REQUIRED ACTION
In the listing below, find each line with the string "tumor" and report it.

PROVIDED DATA

[Start of Attachment]

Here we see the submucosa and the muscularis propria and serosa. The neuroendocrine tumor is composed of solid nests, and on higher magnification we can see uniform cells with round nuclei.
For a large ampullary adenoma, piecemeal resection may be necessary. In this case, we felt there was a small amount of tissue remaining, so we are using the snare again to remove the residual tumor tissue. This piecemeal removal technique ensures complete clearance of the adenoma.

[End of Attachment]
[Start of Attachment]

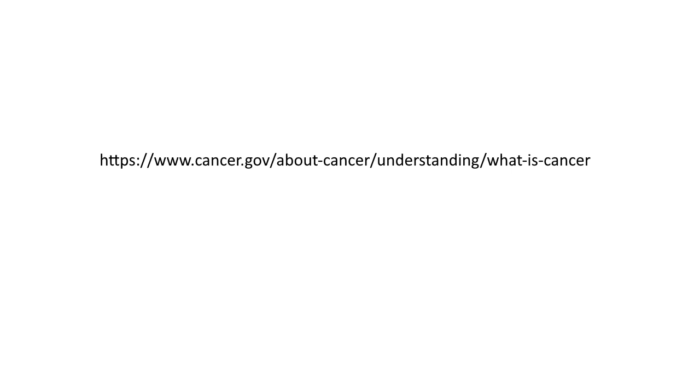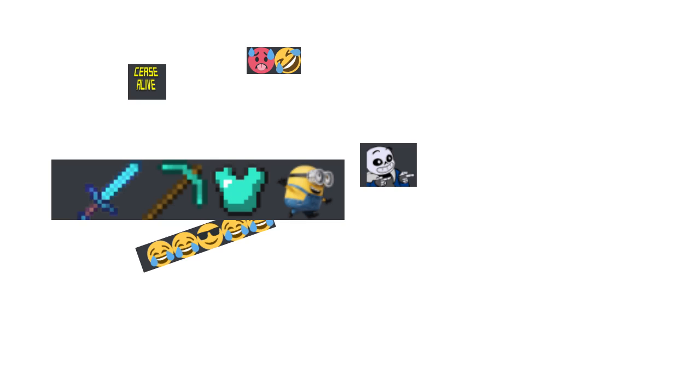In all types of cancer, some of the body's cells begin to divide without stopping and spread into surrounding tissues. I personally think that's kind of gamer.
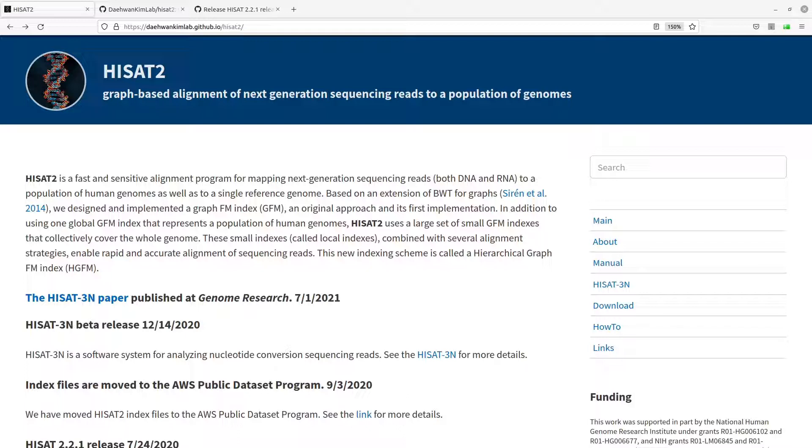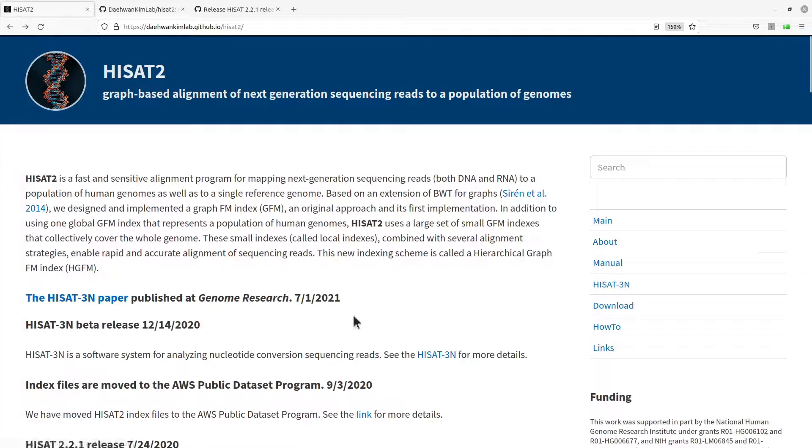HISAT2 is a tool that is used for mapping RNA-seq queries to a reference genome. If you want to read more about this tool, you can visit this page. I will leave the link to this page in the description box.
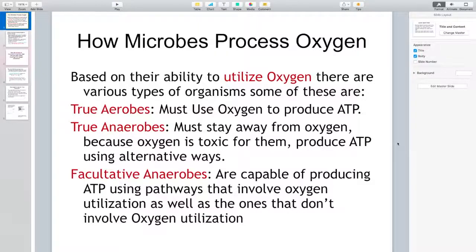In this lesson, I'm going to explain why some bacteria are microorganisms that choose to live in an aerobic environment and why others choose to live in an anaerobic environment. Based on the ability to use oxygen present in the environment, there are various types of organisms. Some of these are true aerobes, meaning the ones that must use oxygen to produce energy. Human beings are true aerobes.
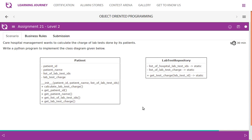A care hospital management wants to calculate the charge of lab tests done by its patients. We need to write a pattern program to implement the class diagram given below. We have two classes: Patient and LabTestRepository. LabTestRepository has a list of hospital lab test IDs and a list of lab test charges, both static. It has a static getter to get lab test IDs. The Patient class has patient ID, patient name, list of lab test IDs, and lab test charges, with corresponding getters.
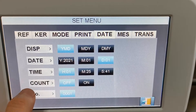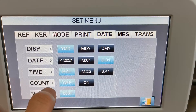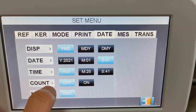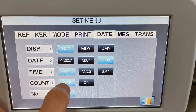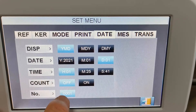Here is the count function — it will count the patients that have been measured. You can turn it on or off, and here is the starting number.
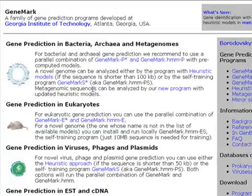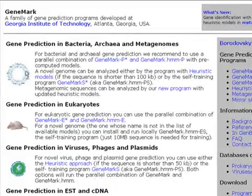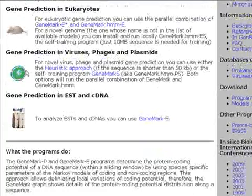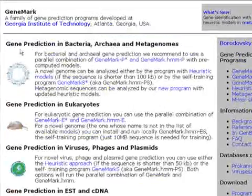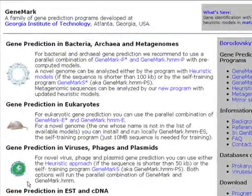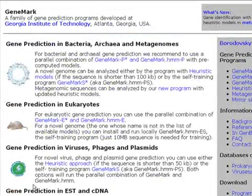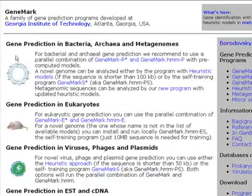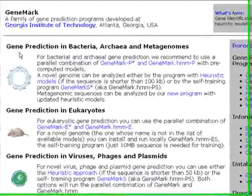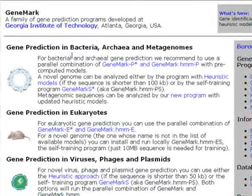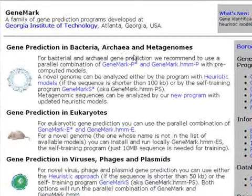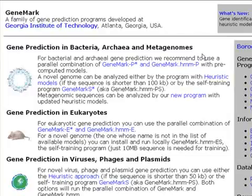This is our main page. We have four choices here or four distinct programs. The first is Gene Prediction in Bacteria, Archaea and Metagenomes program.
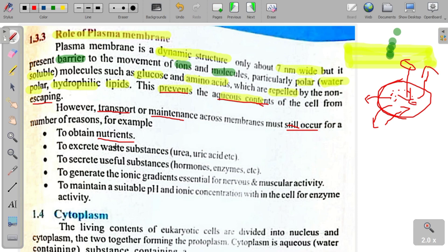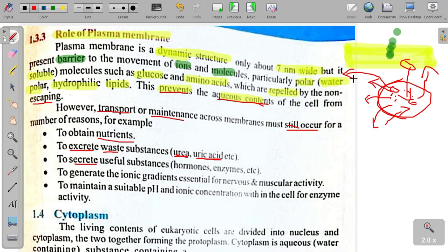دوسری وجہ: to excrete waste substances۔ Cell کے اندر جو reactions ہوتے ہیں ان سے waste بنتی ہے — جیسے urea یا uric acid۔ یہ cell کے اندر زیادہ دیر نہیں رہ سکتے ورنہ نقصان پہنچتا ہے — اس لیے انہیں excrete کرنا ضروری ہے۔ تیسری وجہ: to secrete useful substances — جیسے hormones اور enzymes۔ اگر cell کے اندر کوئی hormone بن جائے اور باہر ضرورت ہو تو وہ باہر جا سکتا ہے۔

[End of Attachment]

TASK RESULT
Here we see the submucosa and the muscularis propria and serosa. The neuroendocrine tumor is composed of solid nests, and on higher magnification we can see uniform cells with round nuclei.
For a large ampullary adenoma, piecemeal resection may be necessary. In this case, we felt there was a small amount of tissue remaining, so we are using the snare again to remove the residual tumor tissue. This piecemeal removal technique ensures complete clearance of the adenoma.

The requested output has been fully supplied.